- _Exercise instructions_: Set down only the lines from the one containing "Carboy Handle, 2" through the final line of the entries below, exactly as they stand, with no pictures.

_ _ _ _

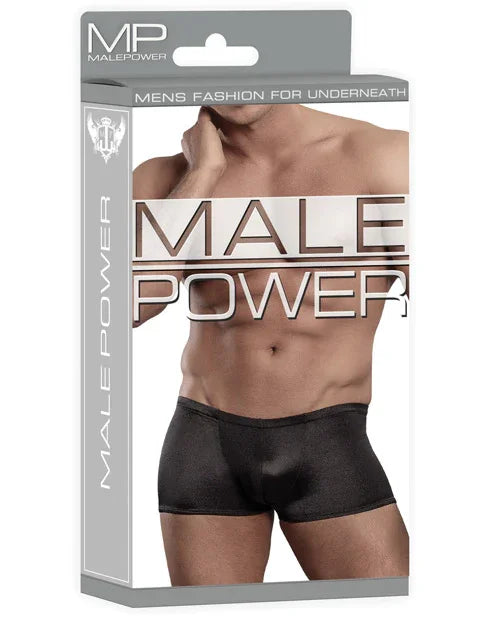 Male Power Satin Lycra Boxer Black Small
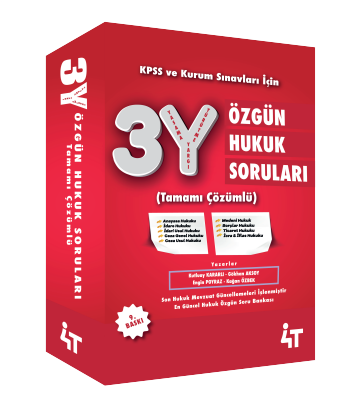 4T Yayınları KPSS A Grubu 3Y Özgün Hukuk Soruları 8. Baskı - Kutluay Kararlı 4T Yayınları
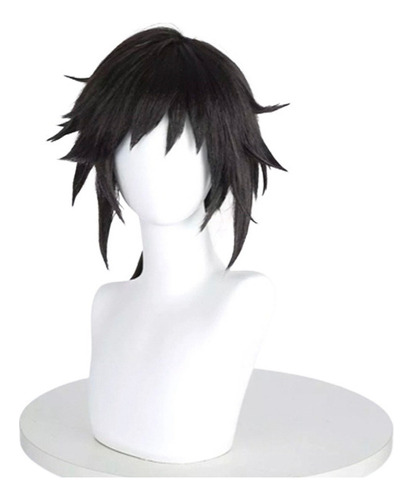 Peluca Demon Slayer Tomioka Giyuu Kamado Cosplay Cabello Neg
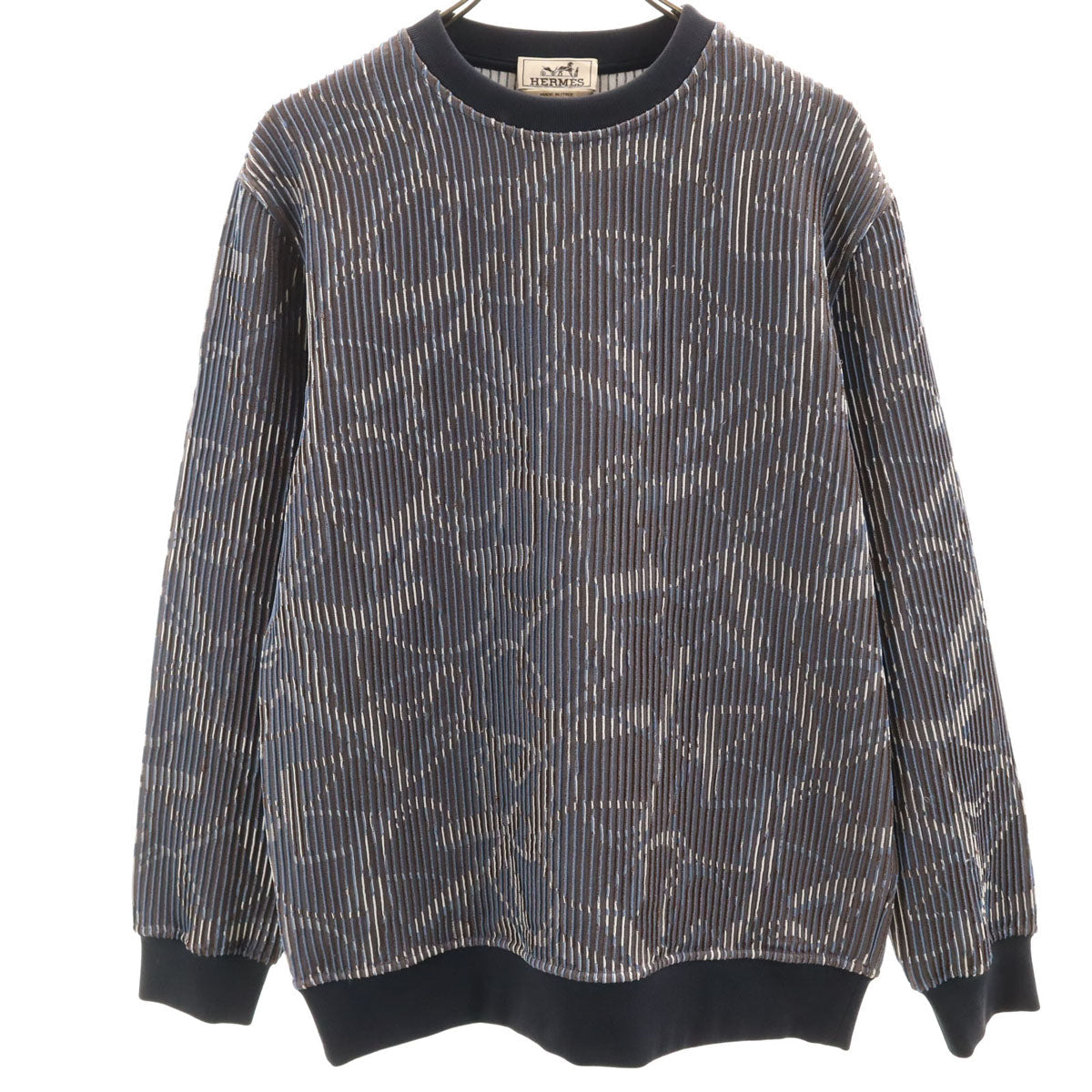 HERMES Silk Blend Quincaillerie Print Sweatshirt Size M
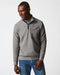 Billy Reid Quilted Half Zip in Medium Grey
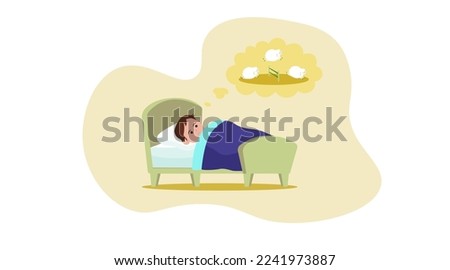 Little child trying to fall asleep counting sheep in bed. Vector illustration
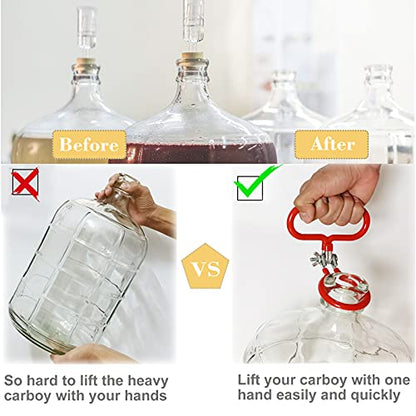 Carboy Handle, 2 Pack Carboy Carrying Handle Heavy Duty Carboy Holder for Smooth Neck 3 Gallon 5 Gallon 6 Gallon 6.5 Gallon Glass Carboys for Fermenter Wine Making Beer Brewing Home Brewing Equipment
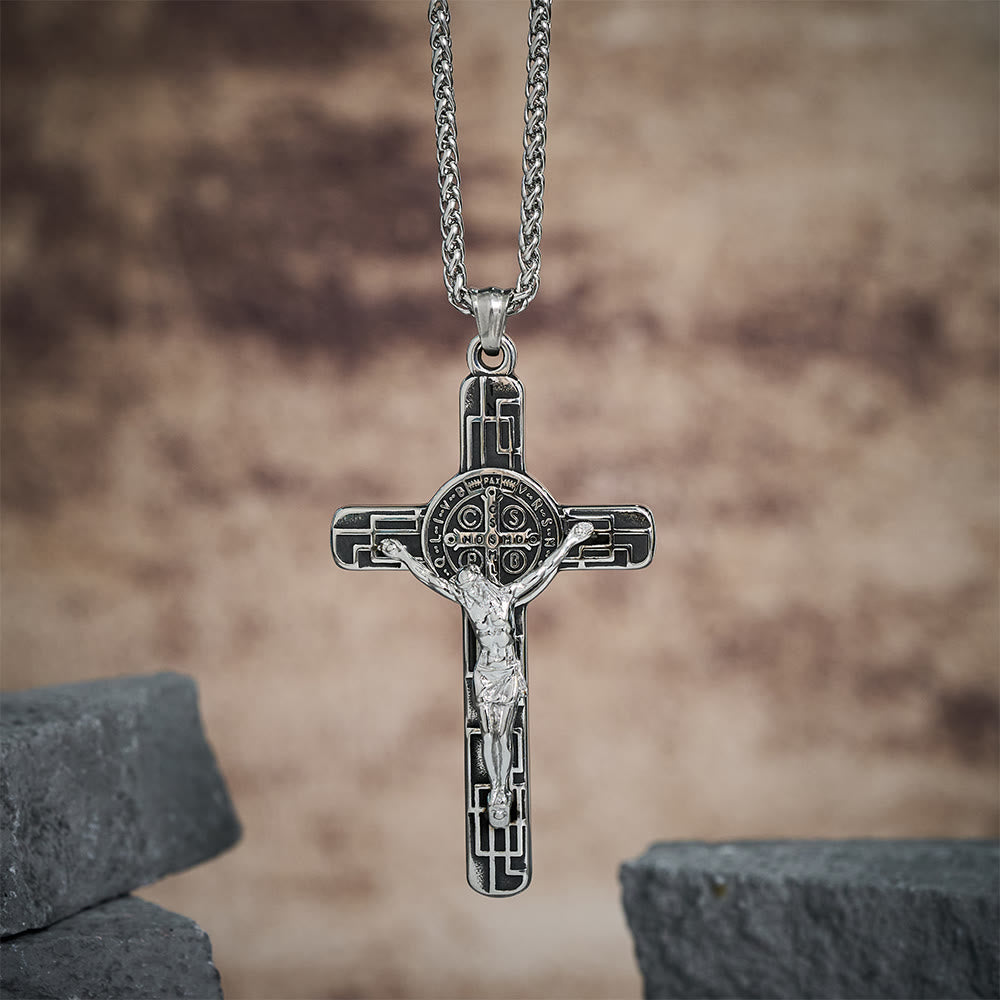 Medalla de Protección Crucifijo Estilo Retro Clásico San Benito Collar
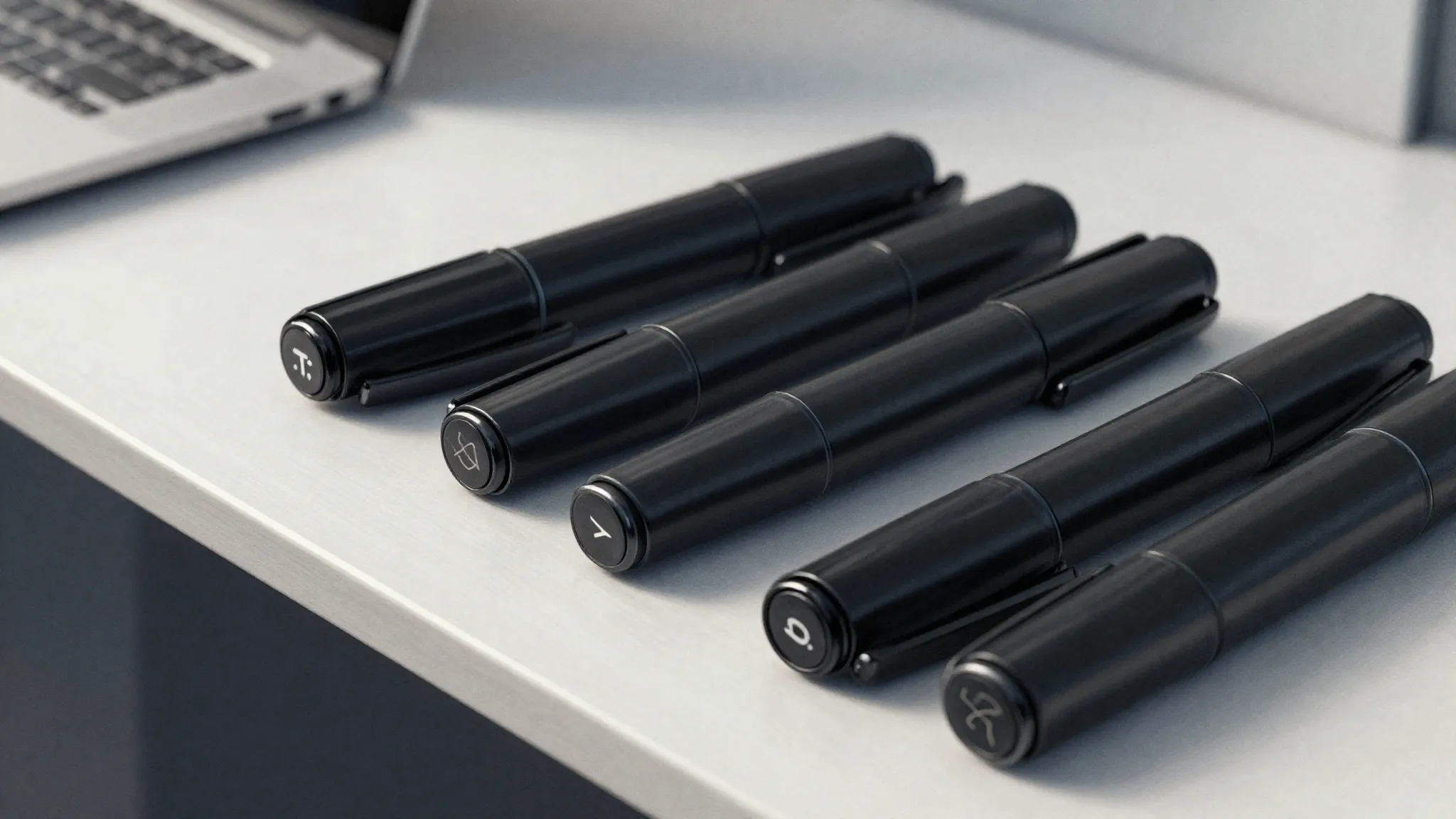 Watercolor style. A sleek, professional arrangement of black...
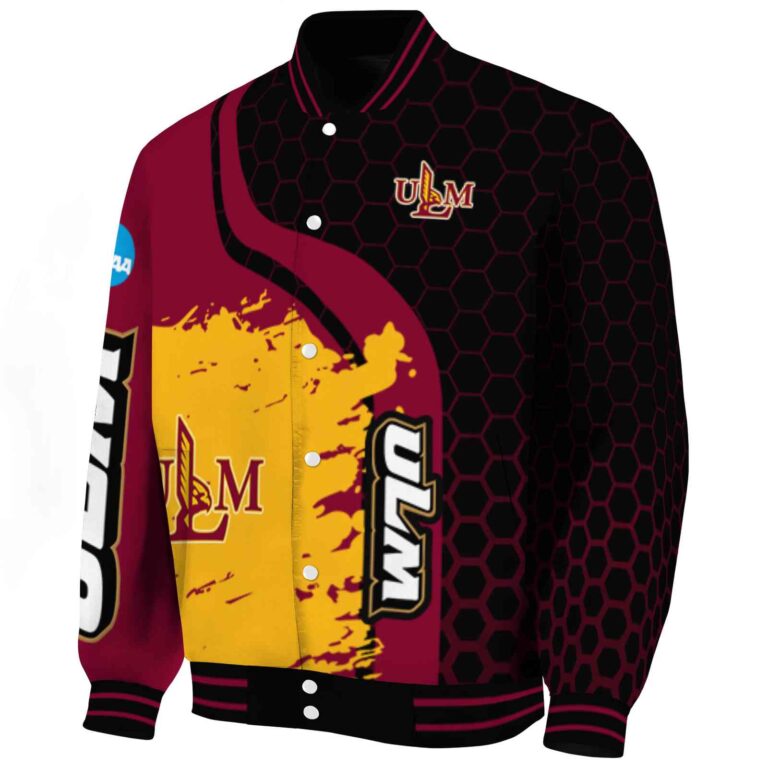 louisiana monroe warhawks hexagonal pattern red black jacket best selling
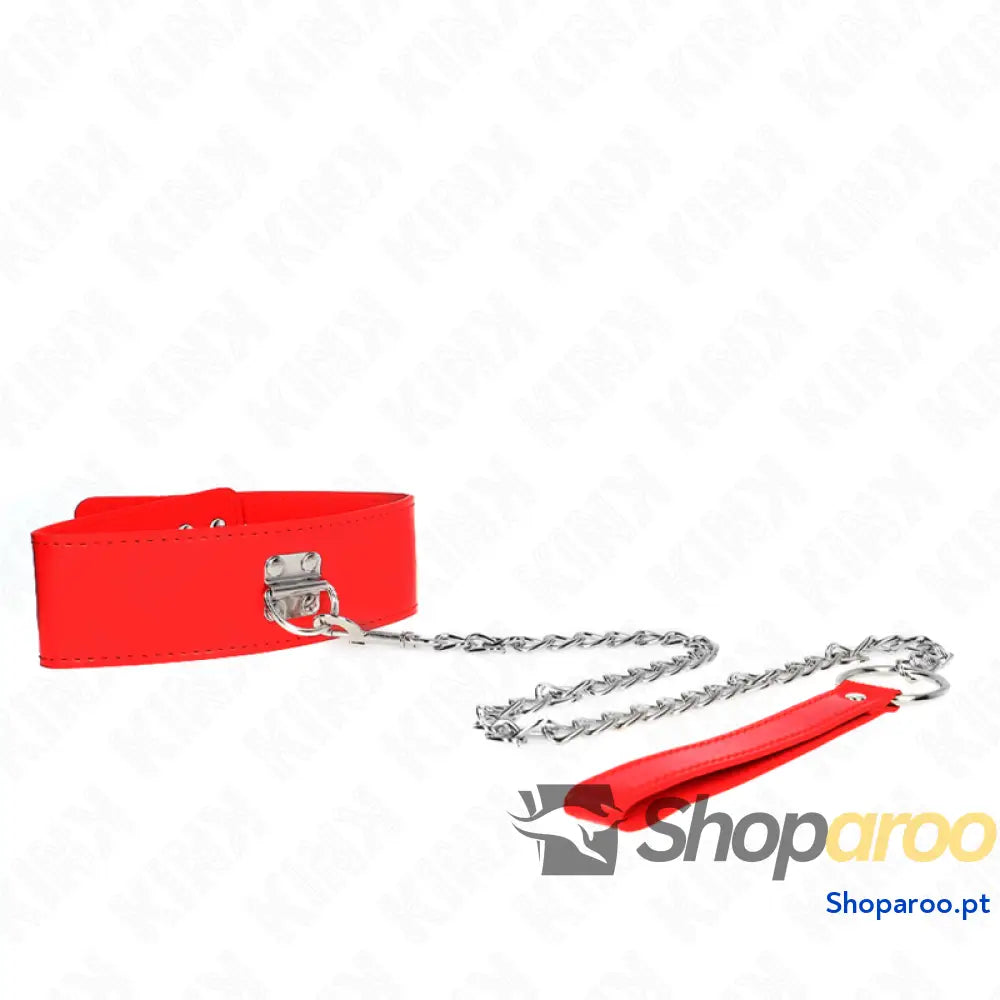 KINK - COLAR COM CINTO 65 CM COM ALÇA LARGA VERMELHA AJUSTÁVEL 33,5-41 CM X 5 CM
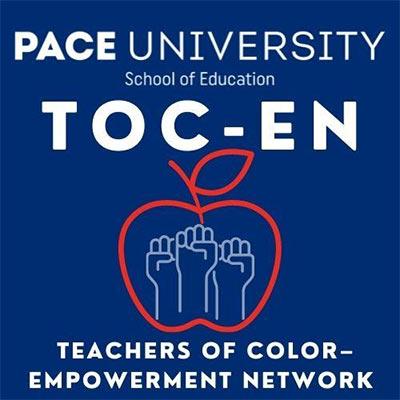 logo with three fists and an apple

_ _ _ _

- _Solution_:
 Carboy Handle, 2 Pack Carboy Carrying Handle Heavy Duty Carboy Holder for Smooth Neck 3 Gallon 5 Gallon 6 Gallon 6.5 Gallon Glass Carboys for Fermenter Wine Making Beer Brewing Home Brewing Equipment
 Medalla de Protección Crucifijo Estilo Retro Clásico San Benito Collar
 Watercolor style. A sleek, professional arrangement of black...
 louisiana monroe warhawks hexagonal pattern red black jacket best selling
 KINK - COLAR COM CINTO 65 CM COM ALÇA LARGA VERMELHA AJUSTÁVEL 33,5-41 CM X 5 CM
 logo with three fists and an apple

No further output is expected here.